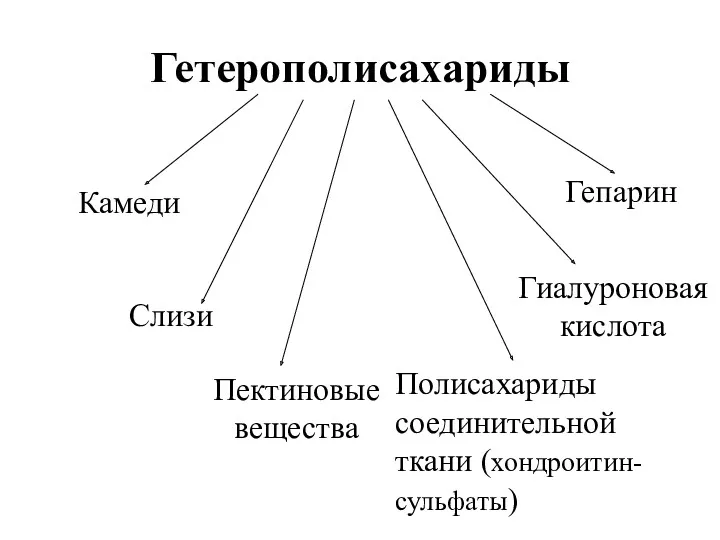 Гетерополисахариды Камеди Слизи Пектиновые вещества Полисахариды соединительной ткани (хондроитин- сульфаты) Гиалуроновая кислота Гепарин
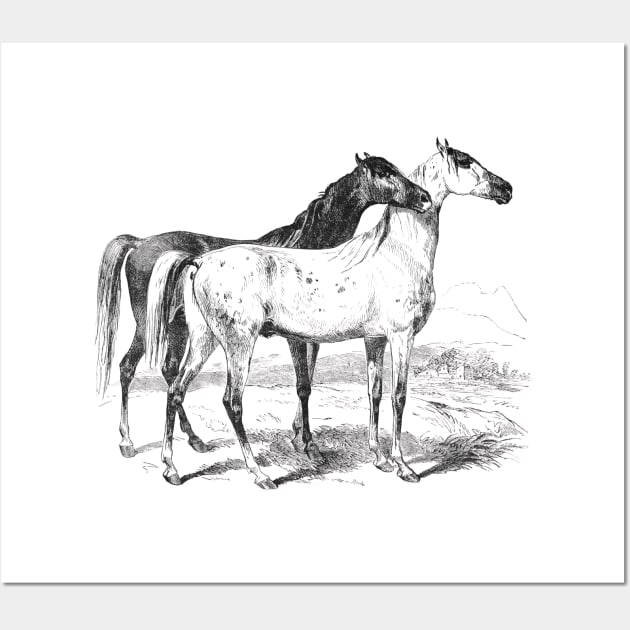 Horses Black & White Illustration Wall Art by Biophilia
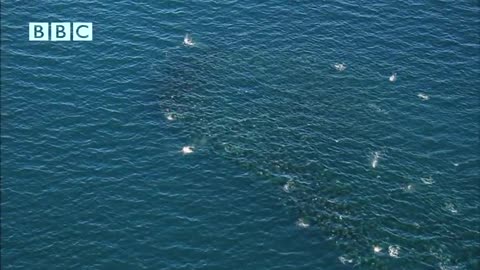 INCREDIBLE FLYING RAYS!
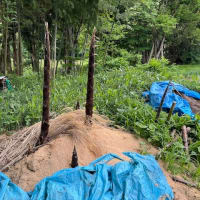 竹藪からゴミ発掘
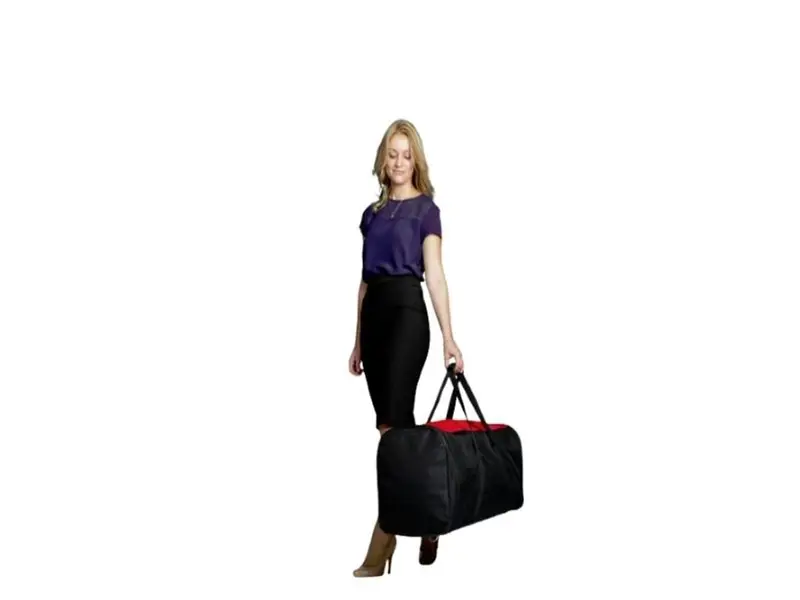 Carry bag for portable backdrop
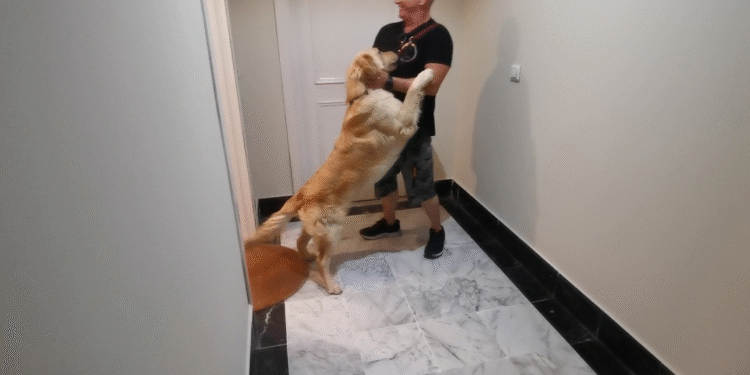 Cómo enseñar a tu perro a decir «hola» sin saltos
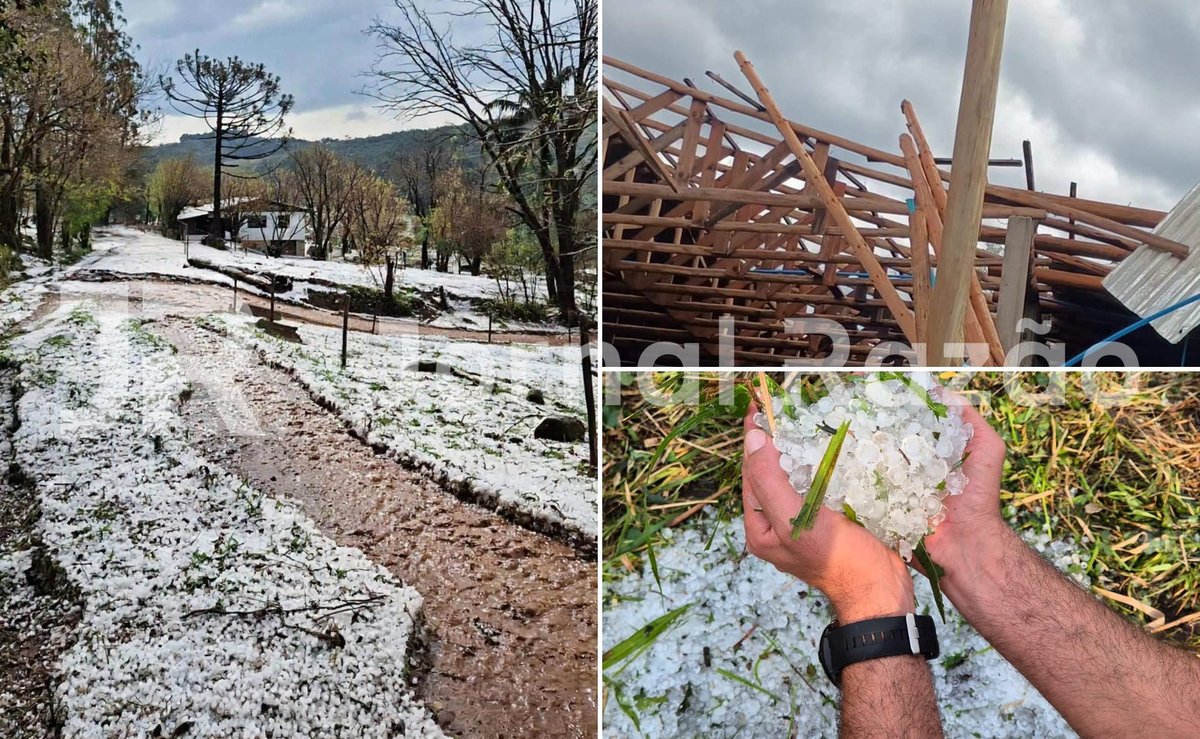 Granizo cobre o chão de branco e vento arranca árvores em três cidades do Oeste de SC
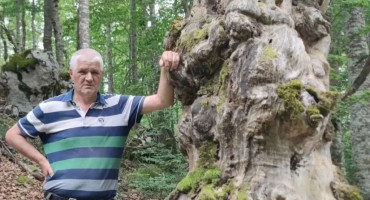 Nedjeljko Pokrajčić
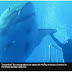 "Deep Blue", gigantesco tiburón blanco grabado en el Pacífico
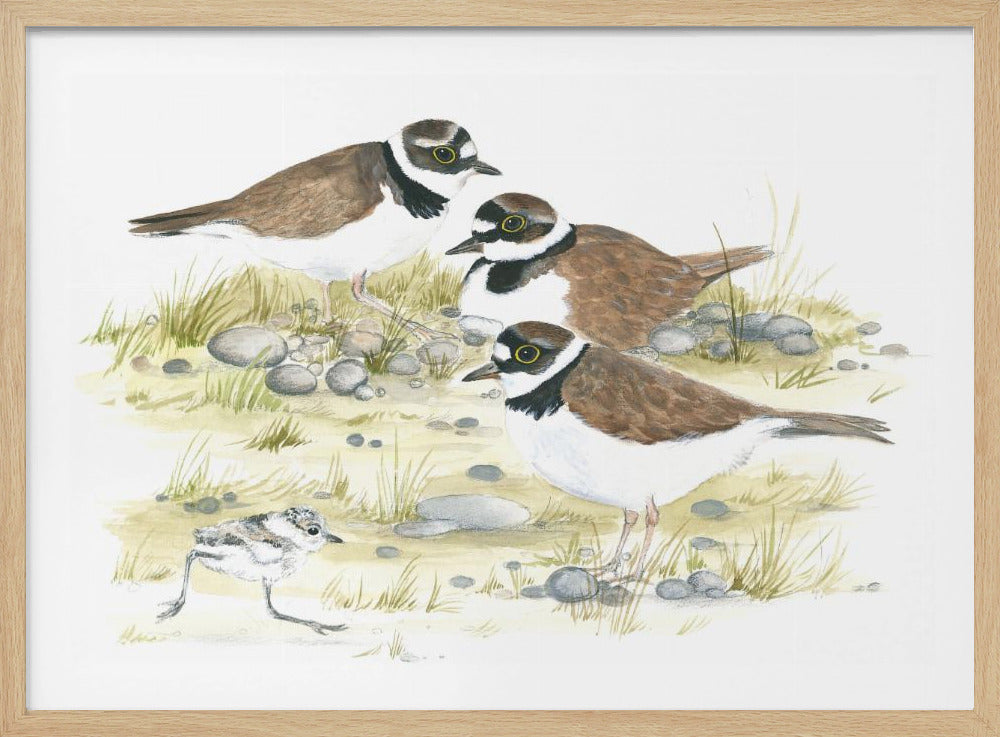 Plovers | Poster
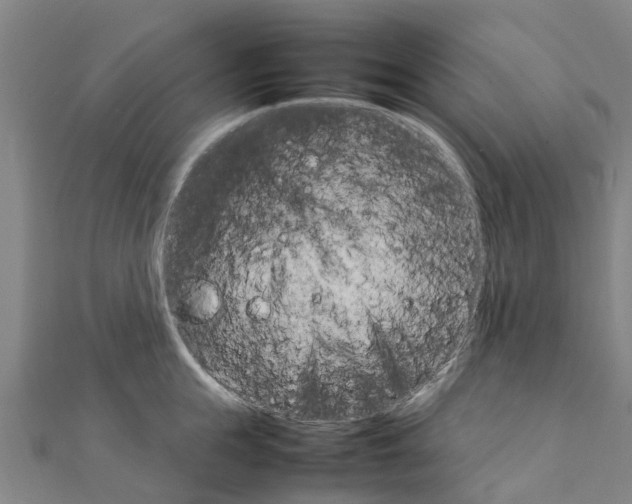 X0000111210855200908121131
•••••
■ **What you should do**
The listing above should be returned word for word, with pictures omitted.

■ **Finished task**
 Гетерополисахариды Камеди Слизи Пектиновые вещества Полисахариды соединительной ткани (хондроитин- сульфаты) Гиалуроновая кислота Гепарин
 Horses Black & White Illustration Wall Art by Biophilia
 INCREDIBLE FLYING RAYS!
 竹藪からゴミ発掘
 Carry bag for portable backdrop
 Cómo enseñar a tu perro a decir «hola» sin saltos
 Granizo cobre o chão de branco e vento arranca árvores em três cidades do Oeste de SC
 Nedjeljko Pokrajčić
 "Deep Blue", gigantesco tiburón blanco grabado en el Pacífico
 Plovers | Poster
 X0000111210855200908121131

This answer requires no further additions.